> About this task
Every line below that holds the word "Bedroom" must be listed.

Data records
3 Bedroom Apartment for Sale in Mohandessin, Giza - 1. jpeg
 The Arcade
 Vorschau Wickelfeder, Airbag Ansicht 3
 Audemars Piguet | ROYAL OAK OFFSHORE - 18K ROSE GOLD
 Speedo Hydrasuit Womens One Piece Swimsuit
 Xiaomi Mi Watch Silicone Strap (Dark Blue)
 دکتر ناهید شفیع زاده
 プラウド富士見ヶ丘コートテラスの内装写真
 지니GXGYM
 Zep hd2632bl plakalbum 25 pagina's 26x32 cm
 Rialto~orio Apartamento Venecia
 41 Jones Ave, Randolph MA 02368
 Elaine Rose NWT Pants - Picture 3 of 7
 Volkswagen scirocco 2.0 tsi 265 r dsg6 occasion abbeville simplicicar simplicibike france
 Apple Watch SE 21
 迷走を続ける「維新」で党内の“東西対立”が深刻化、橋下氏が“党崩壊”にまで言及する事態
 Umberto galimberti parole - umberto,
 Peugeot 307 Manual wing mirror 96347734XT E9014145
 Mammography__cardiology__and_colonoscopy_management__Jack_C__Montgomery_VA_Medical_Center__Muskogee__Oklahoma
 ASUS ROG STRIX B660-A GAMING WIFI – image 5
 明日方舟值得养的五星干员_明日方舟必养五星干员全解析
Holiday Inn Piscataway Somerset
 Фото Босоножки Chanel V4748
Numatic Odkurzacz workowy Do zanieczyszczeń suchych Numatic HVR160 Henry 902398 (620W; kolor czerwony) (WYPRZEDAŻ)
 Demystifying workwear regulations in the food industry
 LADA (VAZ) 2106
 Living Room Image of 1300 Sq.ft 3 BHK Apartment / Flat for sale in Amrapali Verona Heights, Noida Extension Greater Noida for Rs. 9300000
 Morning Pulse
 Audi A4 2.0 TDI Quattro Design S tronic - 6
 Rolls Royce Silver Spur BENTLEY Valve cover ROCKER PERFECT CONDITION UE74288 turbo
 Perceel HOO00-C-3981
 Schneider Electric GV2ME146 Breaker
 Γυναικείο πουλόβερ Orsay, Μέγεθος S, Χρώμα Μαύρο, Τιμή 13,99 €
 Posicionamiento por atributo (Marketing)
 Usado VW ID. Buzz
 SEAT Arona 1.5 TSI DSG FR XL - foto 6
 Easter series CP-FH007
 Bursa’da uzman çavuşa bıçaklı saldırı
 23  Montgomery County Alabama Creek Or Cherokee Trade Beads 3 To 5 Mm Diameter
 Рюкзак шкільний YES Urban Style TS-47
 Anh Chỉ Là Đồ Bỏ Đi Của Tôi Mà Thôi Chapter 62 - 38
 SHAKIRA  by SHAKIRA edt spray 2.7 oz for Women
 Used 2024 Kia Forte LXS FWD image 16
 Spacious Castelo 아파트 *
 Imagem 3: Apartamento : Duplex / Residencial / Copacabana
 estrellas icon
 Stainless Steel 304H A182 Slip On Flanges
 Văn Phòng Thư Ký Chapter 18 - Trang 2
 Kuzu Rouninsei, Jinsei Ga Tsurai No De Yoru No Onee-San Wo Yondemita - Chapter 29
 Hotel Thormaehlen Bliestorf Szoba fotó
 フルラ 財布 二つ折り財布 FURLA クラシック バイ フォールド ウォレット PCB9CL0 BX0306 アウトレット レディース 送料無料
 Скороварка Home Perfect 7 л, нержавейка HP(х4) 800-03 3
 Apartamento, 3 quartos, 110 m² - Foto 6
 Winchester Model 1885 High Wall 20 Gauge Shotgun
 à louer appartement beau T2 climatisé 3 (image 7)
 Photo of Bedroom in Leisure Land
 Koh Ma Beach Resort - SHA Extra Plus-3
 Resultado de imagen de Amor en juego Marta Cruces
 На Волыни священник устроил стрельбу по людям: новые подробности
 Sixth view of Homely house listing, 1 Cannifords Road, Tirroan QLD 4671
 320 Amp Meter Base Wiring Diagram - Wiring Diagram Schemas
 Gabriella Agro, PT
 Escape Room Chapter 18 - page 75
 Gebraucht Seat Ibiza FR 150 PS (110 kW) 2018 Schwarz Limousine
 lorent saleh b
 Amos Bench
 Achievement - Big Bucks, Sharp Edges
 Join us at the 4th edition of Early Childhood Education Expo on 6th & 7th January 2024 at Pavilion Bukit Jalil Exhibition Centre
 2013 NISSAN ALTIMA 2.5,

> Written reply
3 Bedroom Apartment for Sale in Mohandessin, Giza - 1. jpeg
 Photo of Bedroom in Leisure Land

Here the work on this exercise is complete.